To reiterate here, the ranking is based on players with approximately as many or more possessions in the category than the subject, Ilyasova.  Overall, it looks like Ilyasova isn't elite in any category, but that's not exactly 100% true.  Among players with as many spot-up possessions or more, only four PFs or Cs posted better spot-up PPP than Ilyasova.  That's very encouraging, because the Pistons essentially gave up nothing in return for one of the best spot-up big men in the league.  It is pretty funny to see that the Bucks didn't run a single iso possession for Ilyasova, but it shouldn't be concerning.  What is a bit troubling is that Ilyasova didn't perform better as the PnR roll-man.  I don't get to watch a whole lot of Ilyasova, so I'll throw in this caveat: The middling efficiency in PnR situations is less troubling if he spent more time rolling to the basket than popping out to the perimeter.  I have a feeling that the issue is the way Jason Kidd used him, but it's hard to say exactly by just looking at the numbers.  In Detroit, I'm confident that he'll be used mostly as a pop man, because Detroit has one of the better roll-men in the game already in tow in Andre Drummond.

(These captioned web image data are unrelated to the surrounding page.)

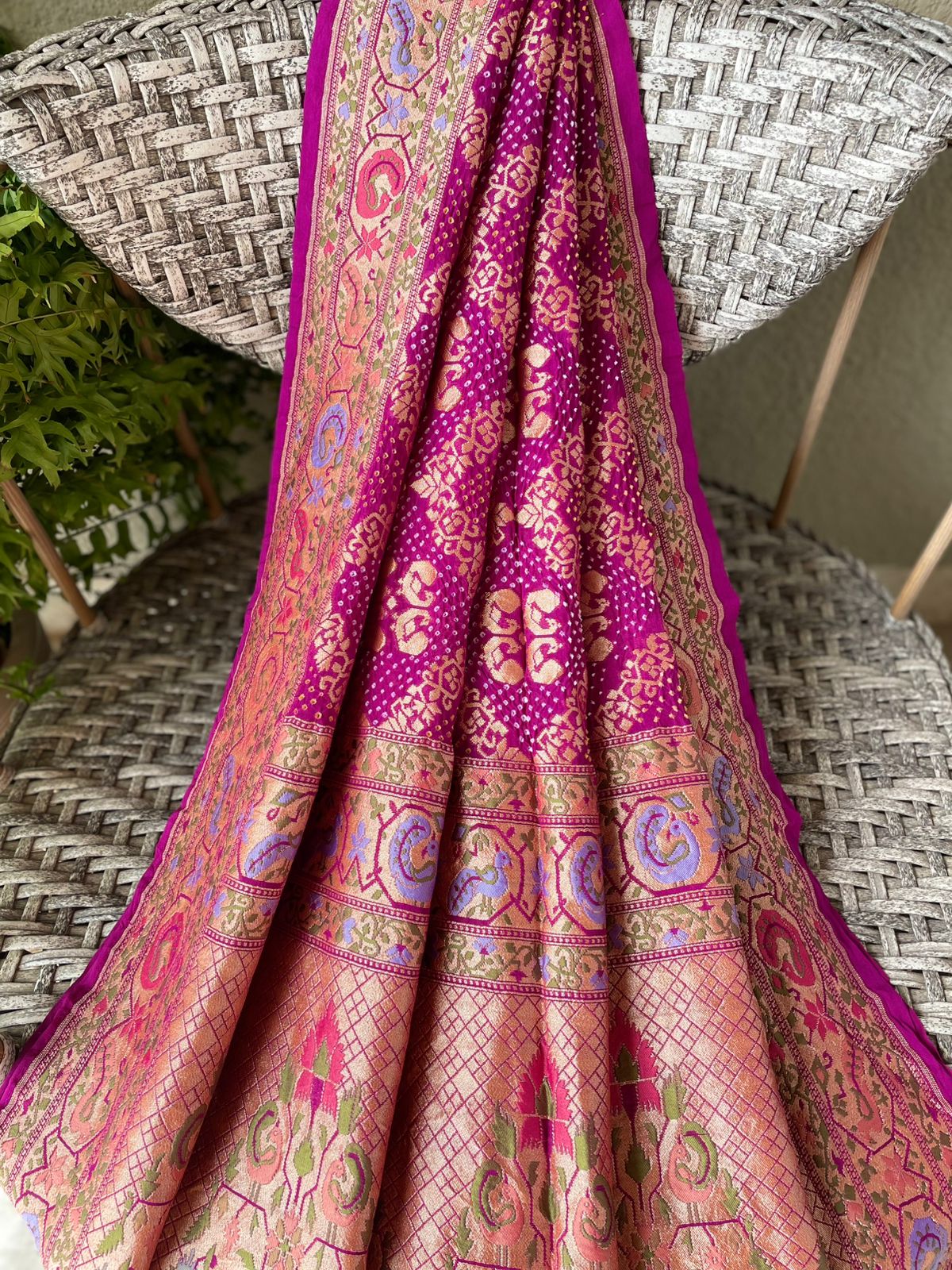 Astha - Devotional Faith Meenakari Motif Dupatta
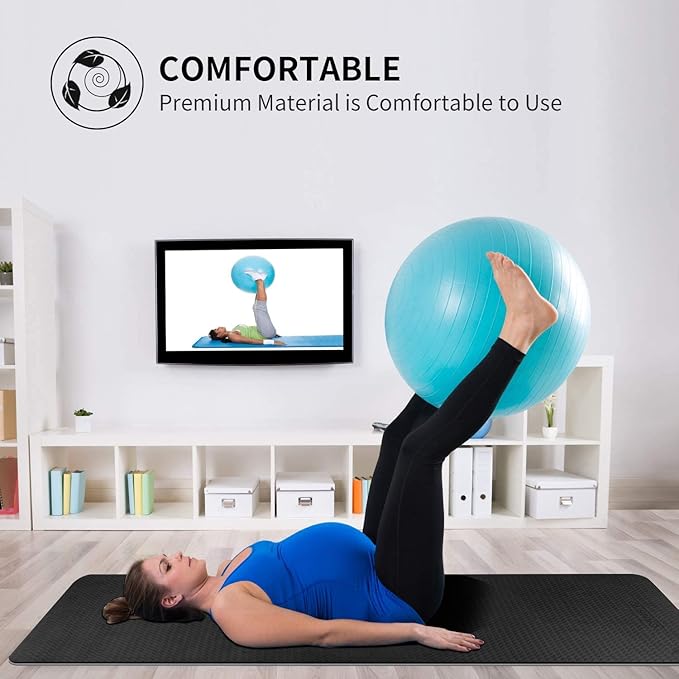 CAMBIVO Extra Wide Yoga Mat for Women and Men (72"/84"x 32"x 1/4") TPE Workout Mat, Non-slip Large Exercise Fitness Mat for Yoga, Pilates, Workout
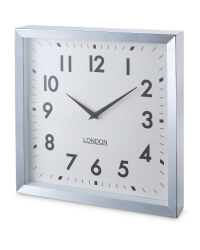 Sempre Large Metal Wall Clock - Black/Silver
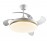 Ventilador Vento DC Blanco-Oro 50Ø Dimable 168377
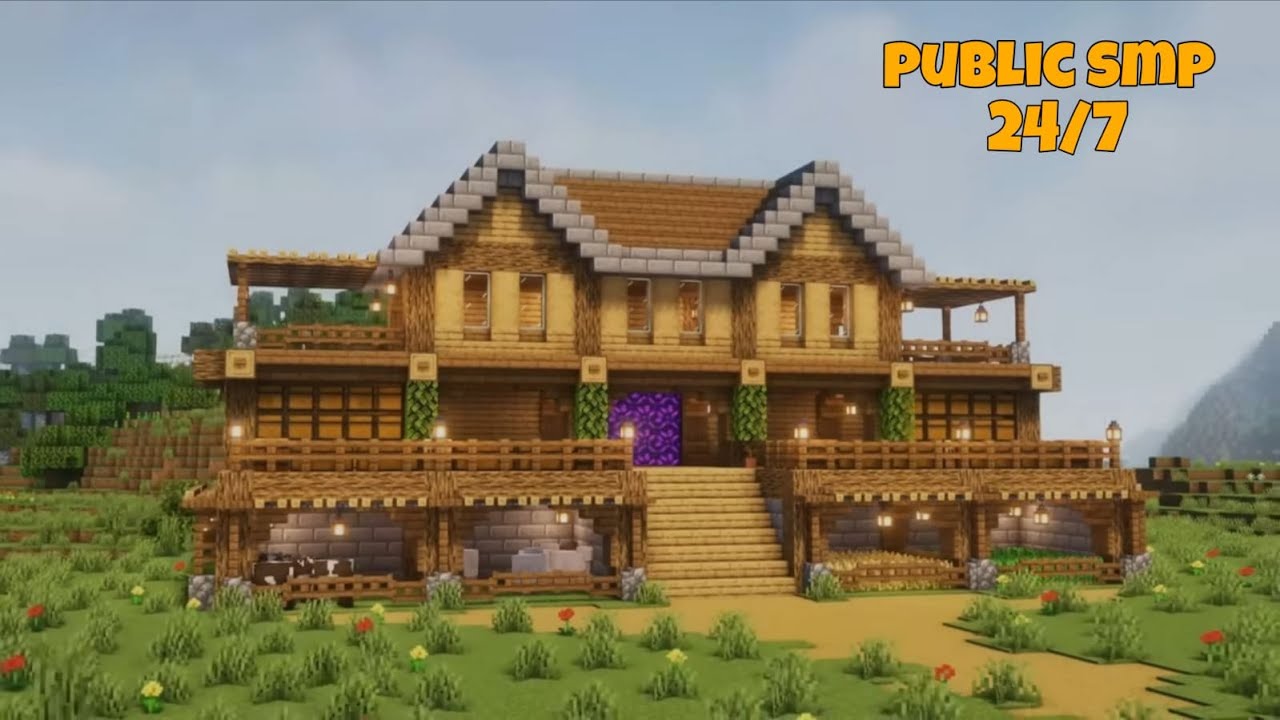 PLAYING WITH SUBSCRIBERS MINECRAFT LIVE - SURVIVAL PUBLIC SMP DAY 52 (24/7) 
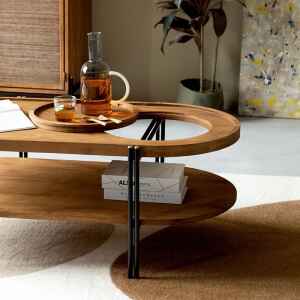 Coco 寧靜韶光楕圓雙層茶几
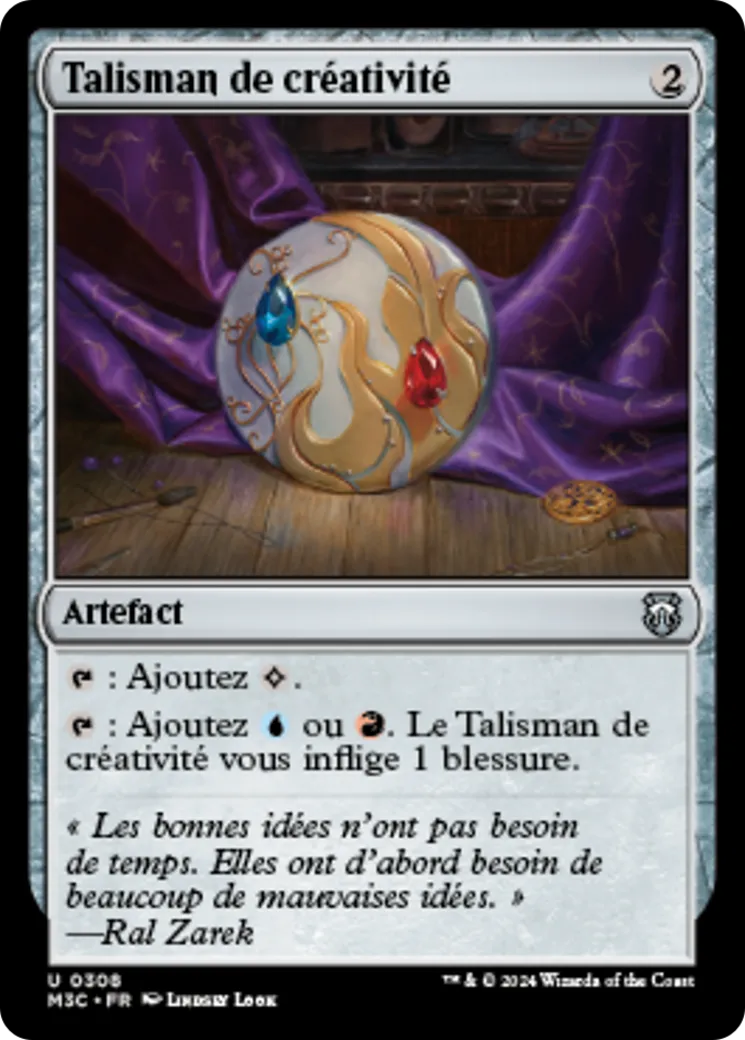 Talisman de créativité — Modern Horizons 3 Commander — Magic: The Gathering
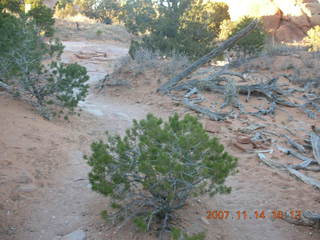 Arches National Park - Devils Garden hike- Adam in hole in rock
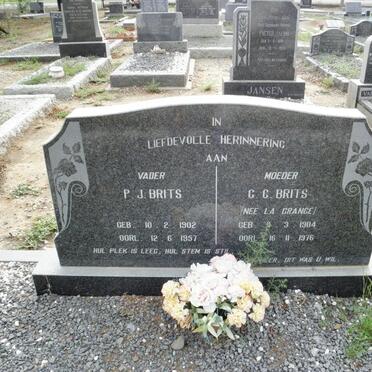 BRITS P.J. 1902-1957 &amp; C.C. la GRANGE 1904-1976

The defensive play-type stats suggest that Ilyasova isn't going to do much to improve a mediocre 2014-15 Pistons defense:

Ersan Ilyasova
Possessions
PPP Allowed
NBA Rank
Isolation
45
0.71
41/200
PnR Roll-Man
32
1.44
112/112
Post-Up
94
0.86
45/71
Spot-Up
128
1.08
140/162
The one area where you think the fairly mobile Ilyasova would succeed (closing out on shooters) is one of his worst categories.  You can try to write off his struggles against the pick-and-roll or in isolation situations by arguing that the numbers come in a small sample size.  You can't do that with his spot-up struggles.  He was legitimately awful defending against pending shooters during the 2014-15 season.  That should be a caution point to watch for during the upcoming season, and may cause SVG to get creative late in games if Ilyasova can't hold his own defensively against another team's stretch four.

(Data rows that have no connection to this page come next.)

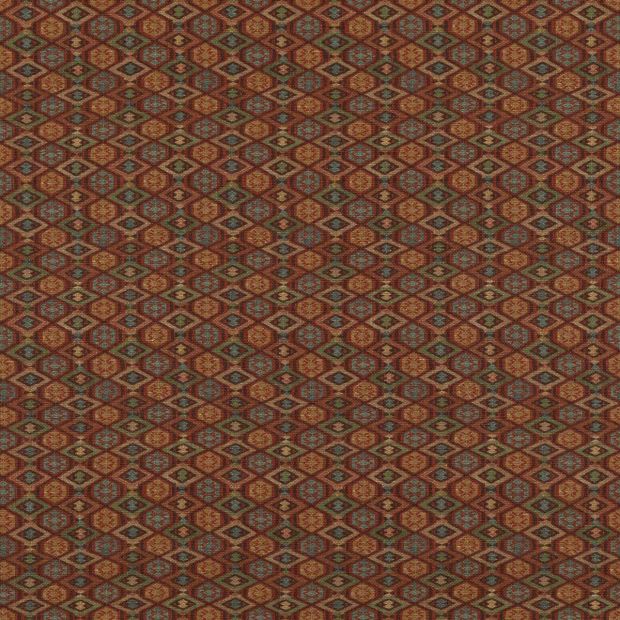 Balfour Fabric Red Green Geometric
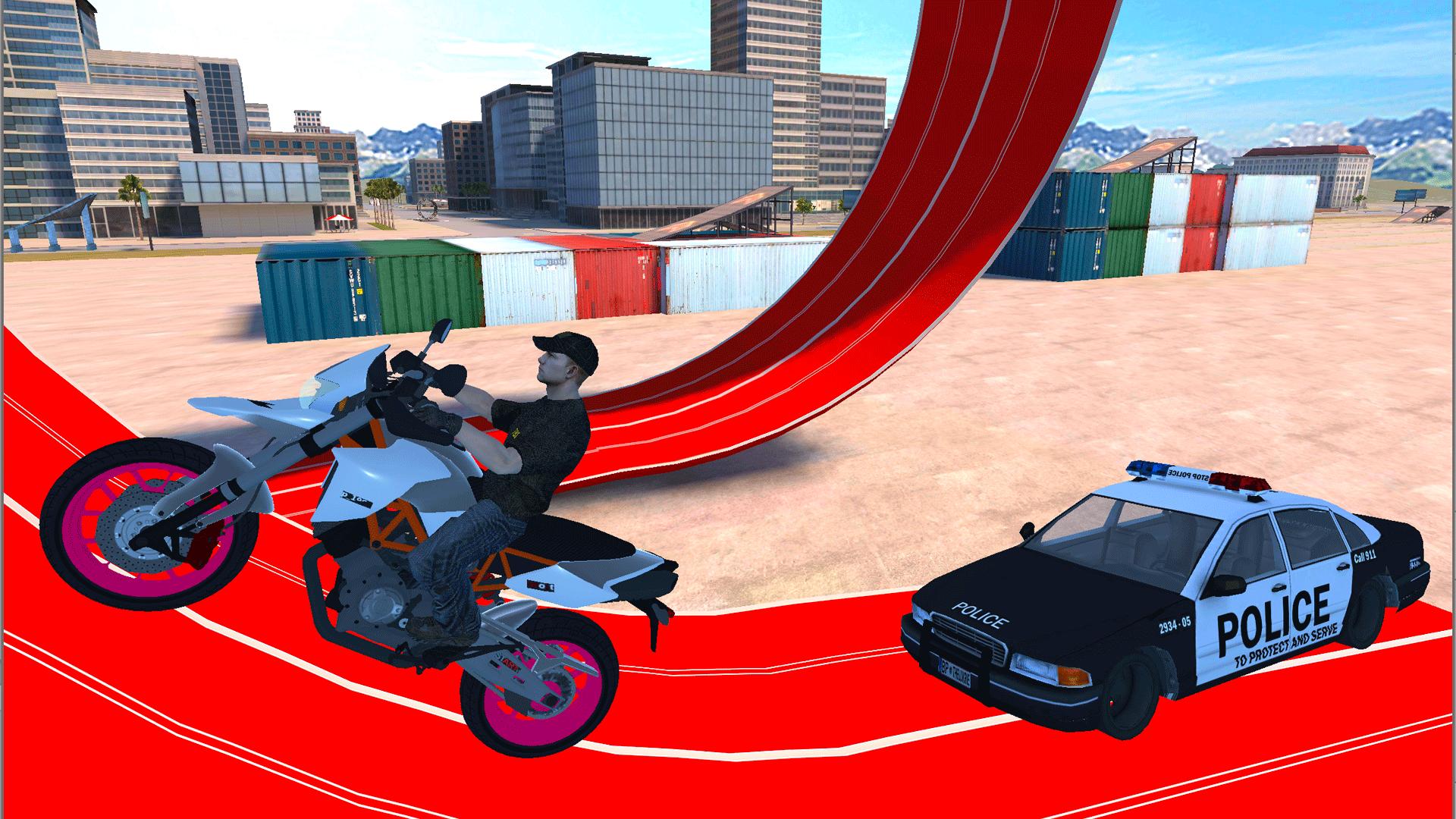 Motorcycle Stunt Ramps: Futuristic Teleport(诡异车道未来传送官方版) 3安卓版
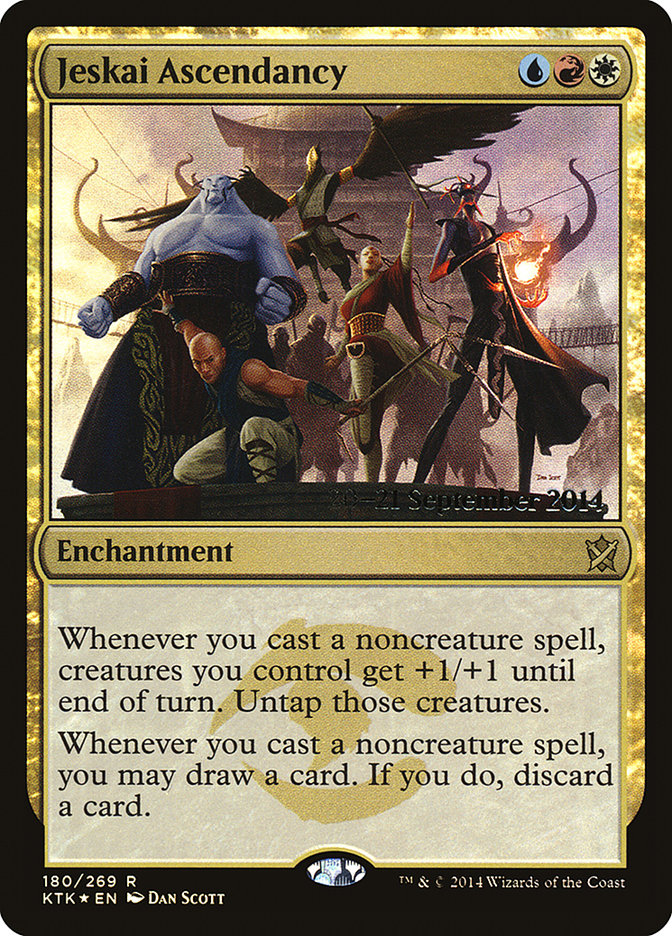 Jeskai Ascendancy [Khans of Tarkir Prerelease Promos] | Impulse Games and Hobbies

With all things considered, I'm excited about the Ilyasova acquisition.  The Pistons essentially gave up nothing of value for a player who will most likely start and do so adequately for the team in 2015-16.  He's an ideal fit for Stan Van Gundy's offense if his outside shot is falling, and should help improve the quality of the offense as a whole through effectively playing his style.  If things don't work out, as mentioned above, the Pistons didn't really give anything up for him other than cap space, and they can simply release him next summer and eat a very small portion of what he's owed.  Usually you look for a move's reward to be somewhat in-line with its risk.  This move feels like it has a moderate return with minimal risk; that's what you really want your front office to go for at this stage of a rebuild.

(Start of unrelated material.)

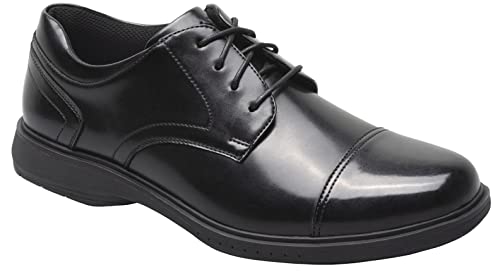 Nunn Bush Men's Pro Cap Toe Oxford with Kore Slip Resistant Comfort Technology2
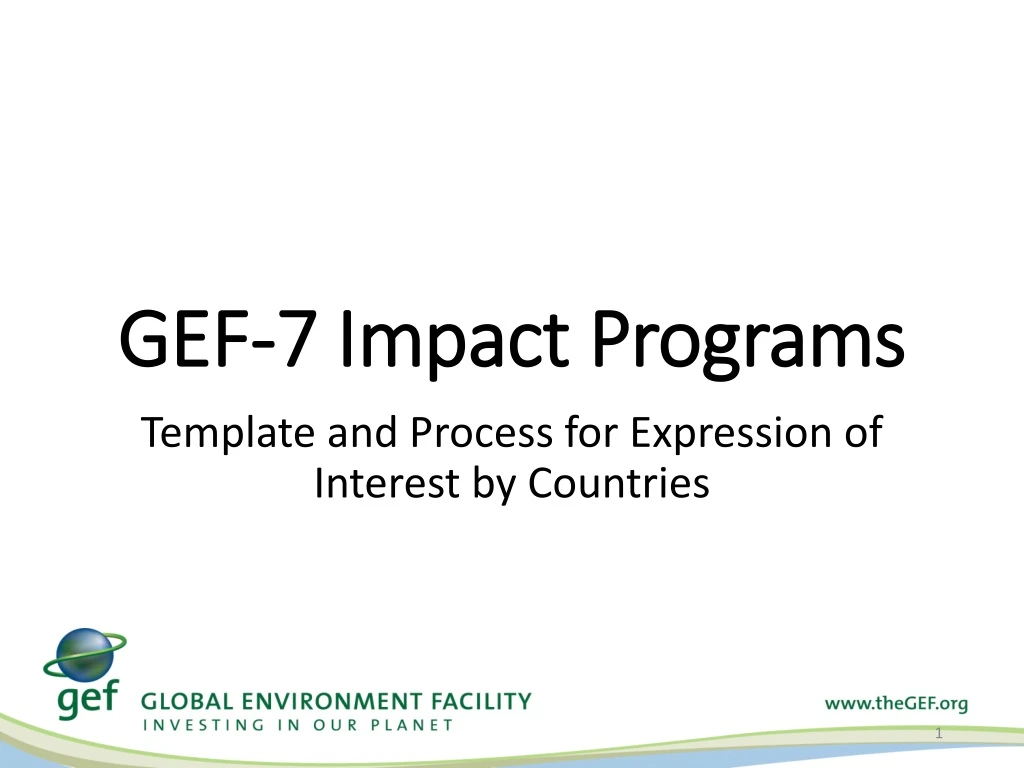 gef 7 impact programs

Considered in this move's risk/cost is the effect that it has on the rest of the Pistons' off-season.  The first thing that comes to mind is that Greg Monroe is almost certainly out the door after this acquisition.  With Anthony Tolliver offering a good low-cost option off the bench, it wouldn't make any sense to spend big money on Monroe, who doesn't fit the team's style of play nearly as well as Ilyasova and would cost almost twice as much.  The PF position should be set, with any other additions at the position likely being of the low-key variety.  However, I wouldn't completely rule out making a big splash at the position just because of the Ilyasova deal.  Considering his contract situation, Ilyasova could perfectly bridge the gap if the Pistons were to draft a young PF with the 8th (or whatever 1st round pick they end up with) pick.  Actually, I would feel much more comfortable picking Kristaps Porzingis at #8 now.  There's absolutely zero pressure for any PF taken in the first round to play in the first two years if he's not ready.  If a drafted PF is ready right away, you offer Ilyasova the option to move to the bench, or cut him loose.  That's great flexibility to have going into a pivotal offseason.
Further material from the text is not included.